October 24, 2006 · Print This Article

dog day afternoon screenshot

I’ve been waiting for an afternoon with ample free time and also a certain terse mood to watch DOG DAY AFTERNOON. I suddenly realized that the conditions were just right this very afternoon, it was raining, I had no lessons, and I had the time. So I settled in knowing the film would be about a bank robbery gone wrong. I was expecting it to be a bigger scope for some reason, maybe something more like HEAT, but instead it was quite intimate, and casual.

I was very surprised by the role of the media in the film. … A very, very young looking Al Pacino appears calm for only the very first few minutes of the movie. As soon as it’s time, he rips open a box of flowers that actually contains a rifle, but it was the struggle to simple just open the box itself I think was foreshadowing to the trouble to come.

…I couldn’t believe the things they did, liking talking face-to-face OUTSIDE the bank in the middle of the street! But Al Pacino’s character is very smart, the more the movie progresses the smarter you realize he is, not simply a mini-ball of fitfull spastic energy.
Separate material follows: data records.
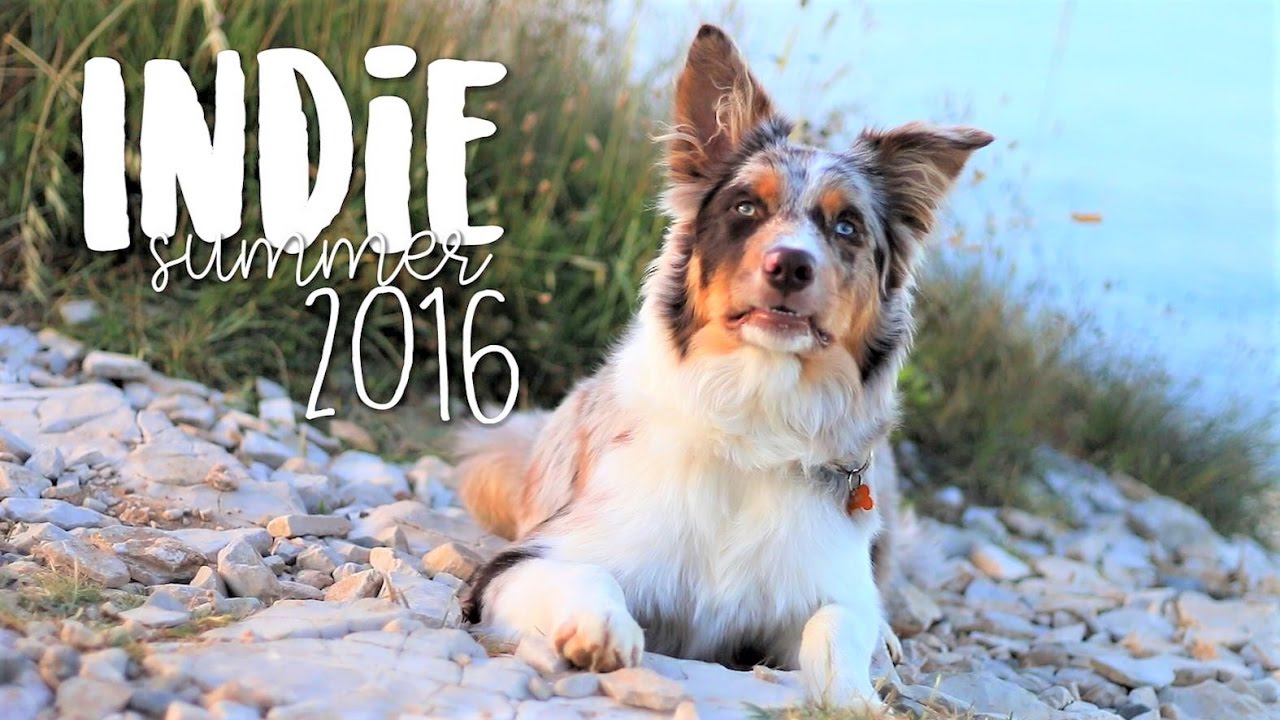 SUMMER 2016 | Border Collie Indie [5-9 months] ♥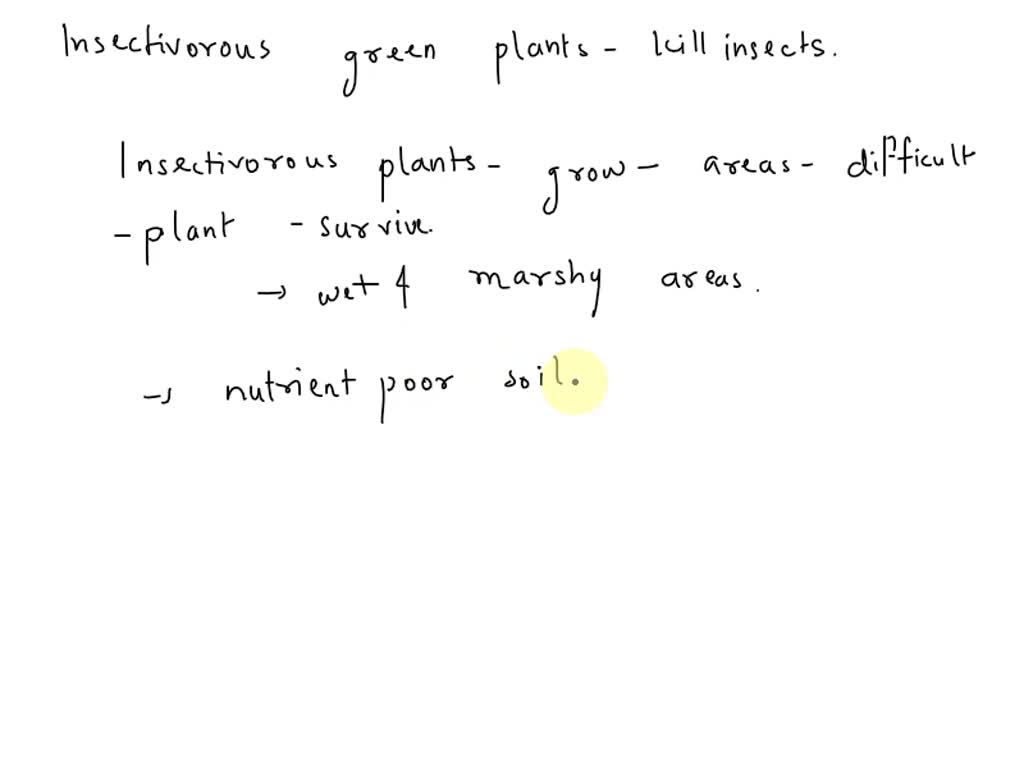 SOLVED Question 1The green insectivorous plants trap insects kill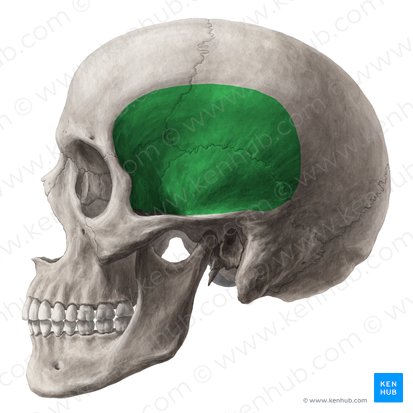 Fossa temporal (Fossa temporalis); Imagem: Yousun Koh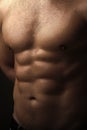 Muscular male wet torso Royalty Free Stock Photo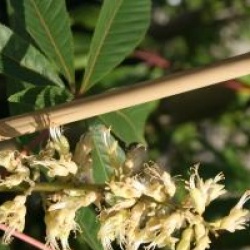 Aesculus glabra 'April Wine'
…The biggest would be how the media played a part in the perpetuating of the crime. … How much people just wanted to be a part of what was happening, so they could say they were a celebrity. Nowadays, this wouldn’t surprise me at all as so many have found so many ways to grab a few moments of fame.

…The hostages weren’t secured at all, but allowed to roam freely, make phone calls, even flirt. And there were absolutely no heroes among them, as it would have been almost effortless to thwart the hostage situation from the inside.

…I mentioned the movie felt intimate, lending to this was the total absence of any musical score. No false drama created by music, only by the well-written script and the way Pacino can deliver dialogue. … Save this movie for the right afternoon, and you’ll feel like you’re right in the bank too.